→ **About this task**: Return only the lines of the data below from the line with "Πούτιν: Μπορούμε να" up to and including the line with "2026 Lamborghini Urus", exactly as written, with the pictures omitted.

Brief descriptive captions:
......

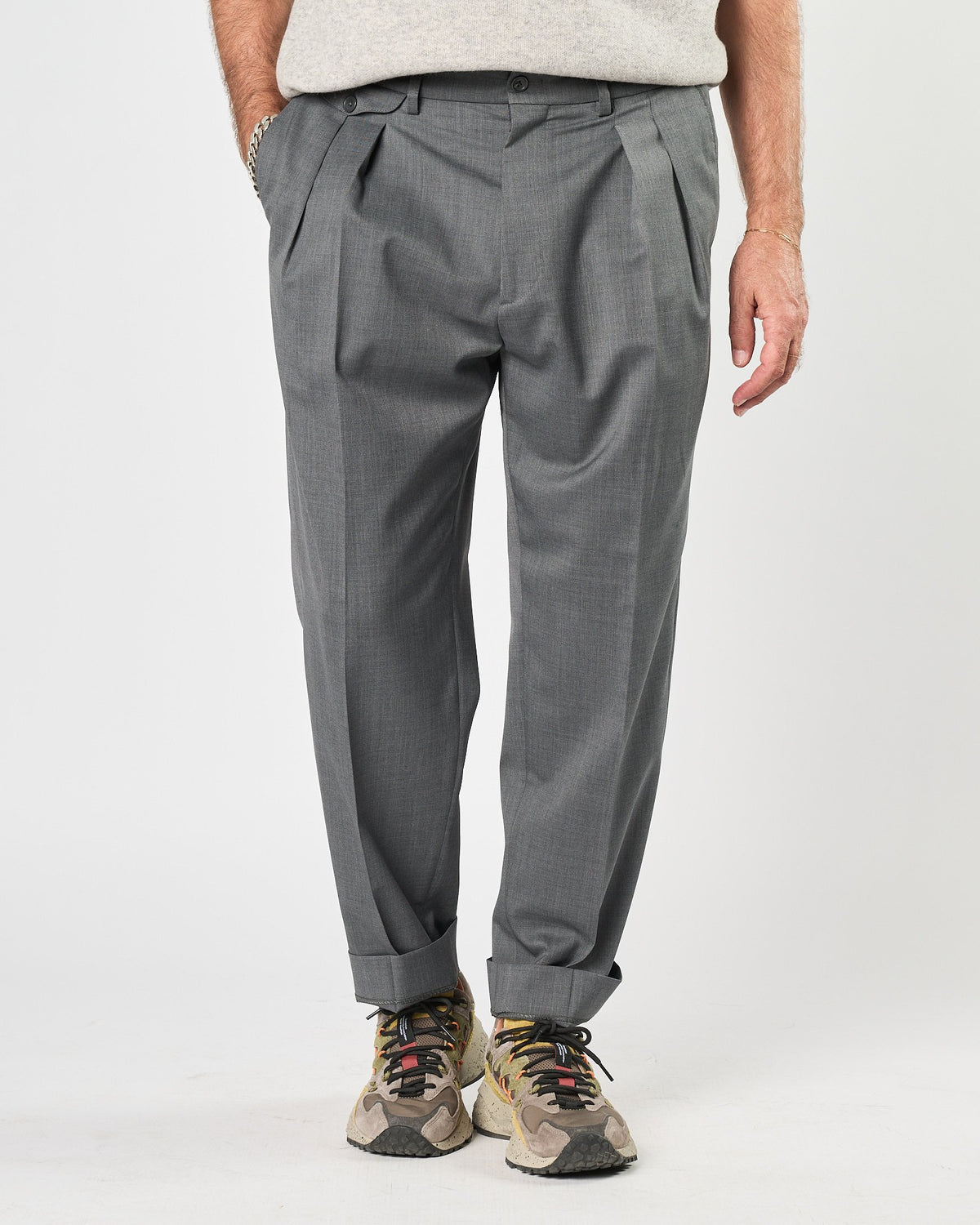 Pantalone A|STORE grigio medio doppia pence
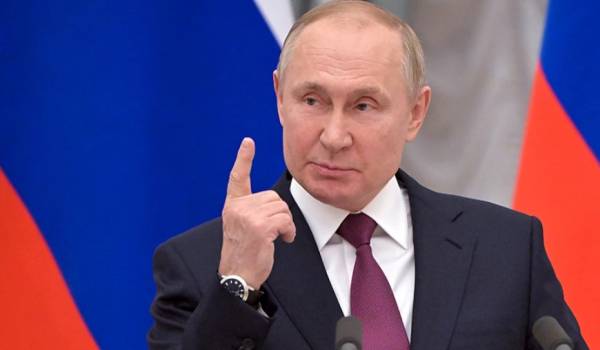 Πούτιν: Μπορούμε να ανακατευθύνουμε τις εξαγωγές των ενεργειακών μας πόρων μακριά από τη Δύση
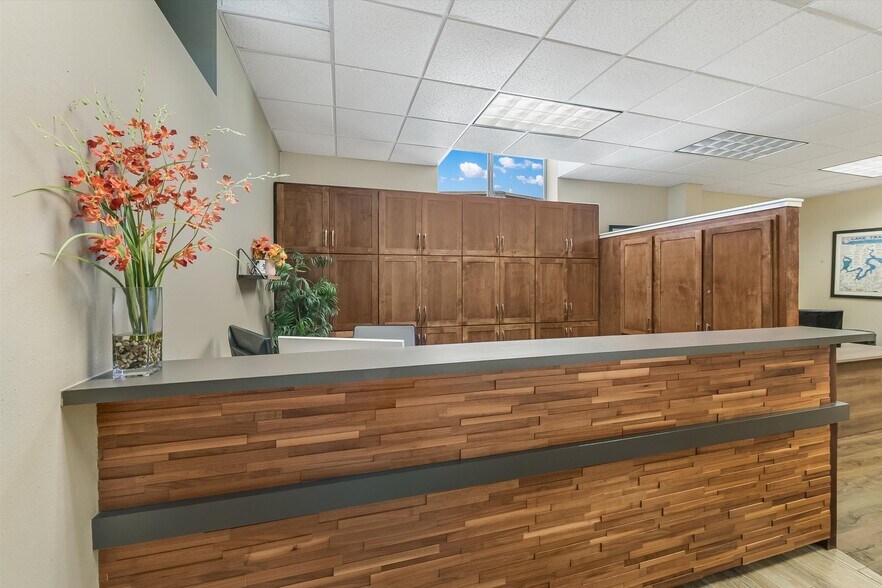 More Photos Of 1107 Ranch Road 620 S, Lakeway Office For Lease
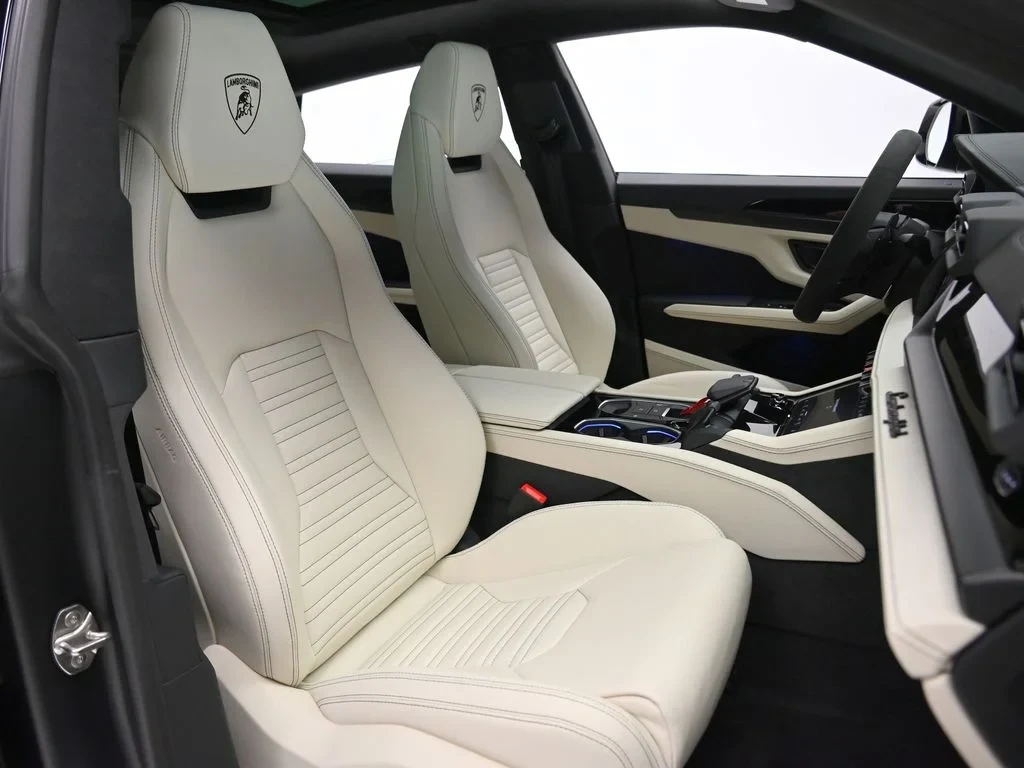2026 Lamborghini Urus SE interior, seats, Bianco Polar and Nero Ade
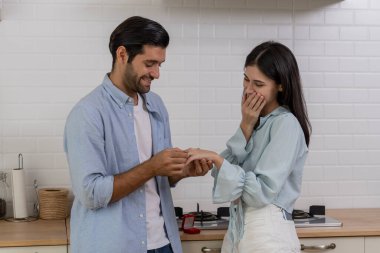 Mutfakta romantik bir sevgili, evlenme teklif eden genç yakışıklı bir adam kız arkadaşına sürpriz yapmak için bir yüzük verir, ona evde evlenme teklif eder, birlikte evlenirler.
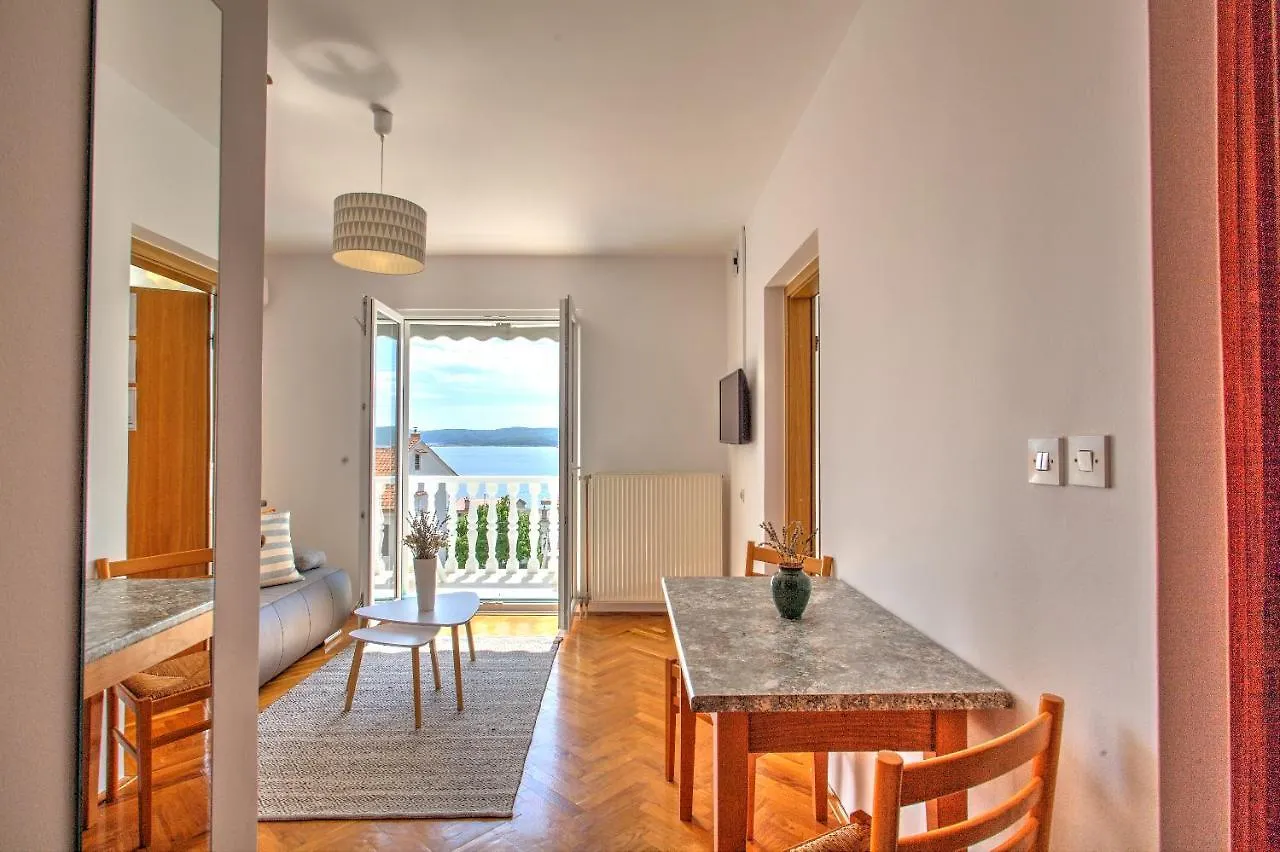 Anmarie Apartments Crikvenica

......

→ **Answer**:
 Πούτιν: Μπορούμε να ανακατευθύνουμε τις εξαγωγές των ενεργειακών μας πόρων μακριά από τη Δύση
 More Photos Of 1107 Ranch Road 620 S, Lakeway Office For Lease
2026 Lamborghini Urus SE interior, seats, Bianco Polar and Nero Ade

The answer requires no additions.